Hier ging het ook fout: de cassatieadvocaten stelden te laat cassatieberoep in, en trokken toen hun beroep maar in. Vervolgens werden ze aansprakelijk gesteld en gedagvaard, en bij de rechtbank en het hof namen ze het standpunt in dat het cassatieberoep uiteindelijk toch niet veel zou hebben geholpen. In dit cassatieberoep herhaalt de Hoge Raad de maatstaf die erop neerkomt dat de rechter in zo’n procedure over beroepsaansprakelijkheid moet inschatten waartoe een geldig cassatieberoep zou hebben geleid, bij de Hoge Raad en (in geval een geldig cassatieberoep tot vernietiging zou hebben geleid) vervolgens na verwijzing door de Hoge Raad:
“In een geval waarin een advocaat wordt verweten dat hij niet tijdig een vordering of een rechtsmiddel heeft ingesteld moet, voor de beantwoording van de vraag of, en zo ja, in welke mate, de cliënt als gevolg van die fout schade heeft geleden, in beginsel worden beoordeeld hoe op de vordering of het rechtsmiddel had behoren te worden beslist, althans moet het te dier zake toewijsbare bedrag worden geschat aan de hand van de goede en kwade kansen die de cliënt zou hebben gehad indien de vordering of het rechtsmiddel tijdig zou zijn ingesteld (vgl. HR 24 oktober 1997, ECLI:NL:HR:1997:AM1905, NJ 1998/257 en HR 11 december 2009, ECLI:NL:HR:2009:BK0859, NJ 2010/3).

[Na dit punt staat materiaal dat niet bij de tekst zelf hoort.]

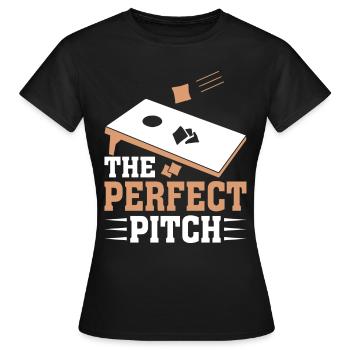 Cornhole Spielfeld Hobby Sackloch - Frauen T-Shirt - Schwarz - Vorne - AI Model Female 172 dark (172cm)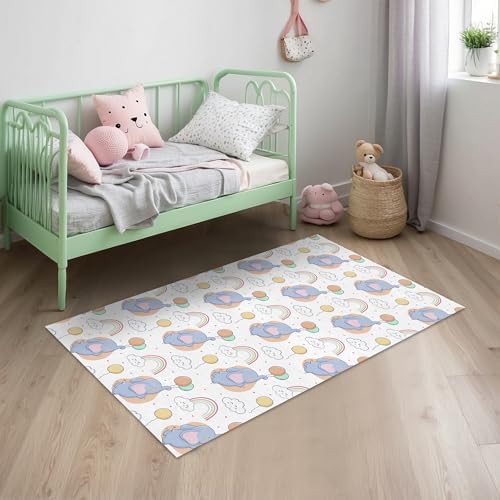 Leana Kadife Kaymaz Pamuk Tabanlı Yıkanabilir Antibakteriyel Çocuk Halısı 160x230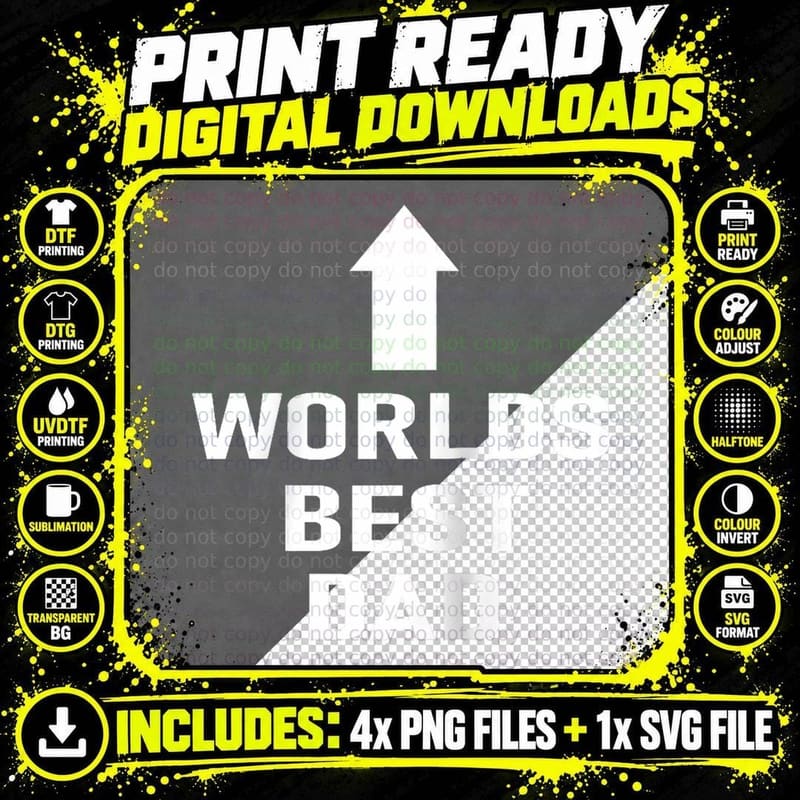Worlds Best Dad Father's Day Birthday Men Kids Teen Gift Png SVG Digital Bundle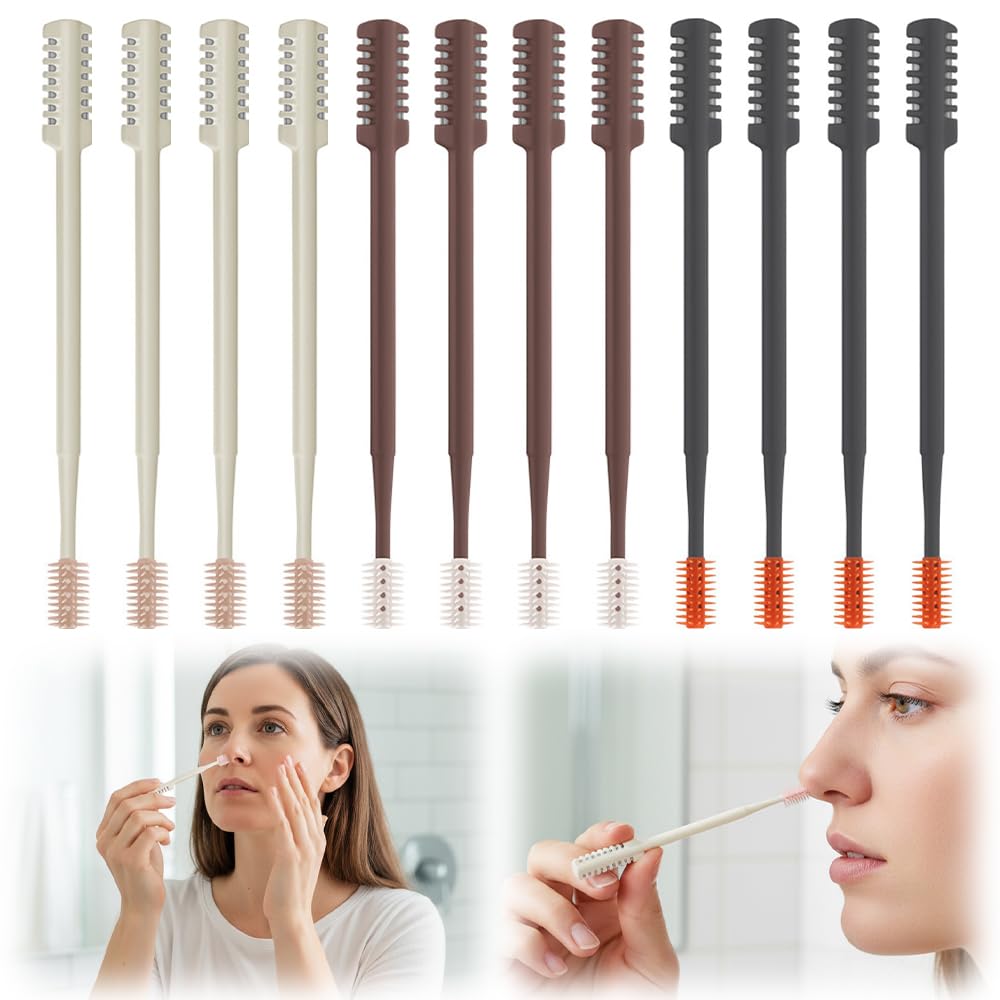 Fliwos Nasal Hair Cutter, 2026 New 2-in-1 Double Sided Nose Hair Trimmer, Portable Nasal Clippers, Manual Nose Hair Remover Tool for Men and Women (Multicolor 12PCS)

De rechter dient bij de hiervoor bedoelde beoordelingen uit te gaan van de stand van de rechtsontwikkeling op het moment waarop – de beroepsfout weggedacht – over de vordering of het rechtsmiddel zou zijn geoordeeld.
Geen andere maatstaf geldt indien, zoals in het onderhavige geval, sprake is van een te laat ingesteld cassatieberoep. Het gaat dan erom of dit beroep tot vernietiging zou hebben geleid en, zo ja, hoe na verwijzing over de zaak zou zijn geoordeeld (vgl. HR 23 februari 2001, ECLI:NL:HR:2001:AB0199, NJ 2001/431, rov. 3.5).”
Geen andere maatstaf voor “roekeloos”
In deze zaak had het hof terecht gemeend, aldus de Hoge Raad, dat cassatieberoep wel degelijk zin zou hebben gehad. De cassatieadvocaten hadden (nu) betoogd dat de hiervóór aangehaalde maatstaf voor “roekeloos” (waarop zij zich anders in cassatie hadden beroepen) niet voldoet in gevallen waarin sprake is van een vaststaand gevaar, bijvoorbeeld in gevallen van schade door het gebruik van een ondeugdelijk vervoermiddel. Daar gaat de Hoge Raad niet in mee:
“De zojuist vermelde maatstaf […] is sedertdien immers – ook nadat zou zijn beslist in het cassatieberoep tegen het [betrokkene 1] -arrest – diverse malen bevestigd (zie onder meer HR 11 oktober 2002, ECLI:NL:HR:2002:AE2120, NJ 2002/598, HR 29 mei 2009, ECLI:NL:HR:2009:BH4041, NJ 2009/245 en HR 10 augustus 2012, ECLI:NL:HR:2012:BW6747, NJ 2012/652), zonder dat daarbij een onderscheid is gemaakt als door het onderdeel wordt bepleit.”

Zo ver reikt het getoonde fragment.